Elsewhere, three hard eyed mares in armor struggled with a panicked and supposedly sickly - supposedly deceased - Olive Branch. She kicked and struggled and hissed as they dragged her off, shedding her disguise in panic, screaming as they stuffed her into a metal incinerator. The changeling tried turning into other shapes, other ponies, using other voices, but the Amazonian guards may as well have been deaf for all that they heeded her pleas.

One of them slammed the furnace breech shut, locked the handle, and nodded to another by a switch.

- -

Alpha Brass watched the small coil of black smoke rise from a distant chimney in his garden.

“The music,” he whispered to himself. “It really is quite lovely.”

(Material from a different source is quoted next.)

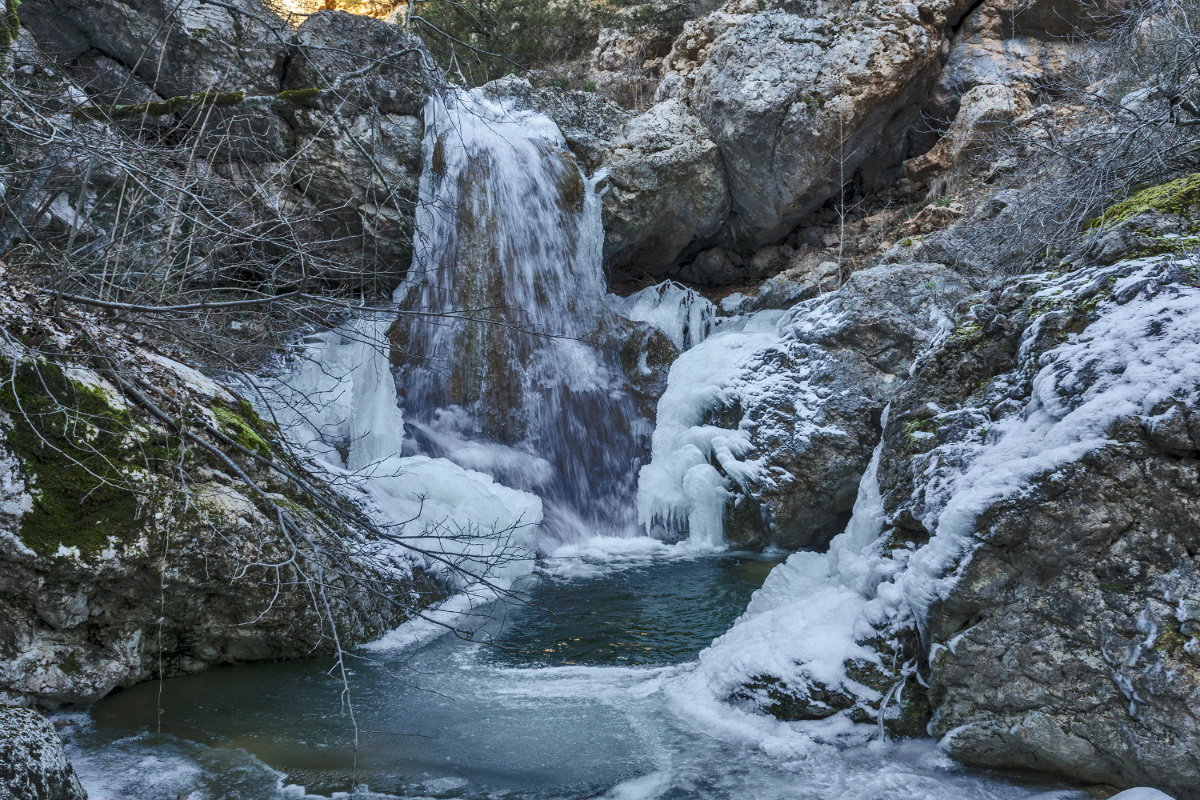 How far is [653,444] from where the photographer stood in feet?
26.6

Yes, it was lovely, even though he had lost his new harpist, the young Miss Heartstrings. It was a terrible shame, but in the long run, the loss was a necessary one. A dagger was of little use without a handle to hold it with. Alpha Brass nibbled on another slice of gratin and smiled. In one garden courtyard, two mares flew silken kites, like streaks of gold and red against green and gray and a false dome of blue. Their laughter reached his ears as he ate, mixing with the melody of the music to create a pleasant ambiance.

Well beneath them and out of sight, other so called ‘ponies’ soon joined the first in the fire.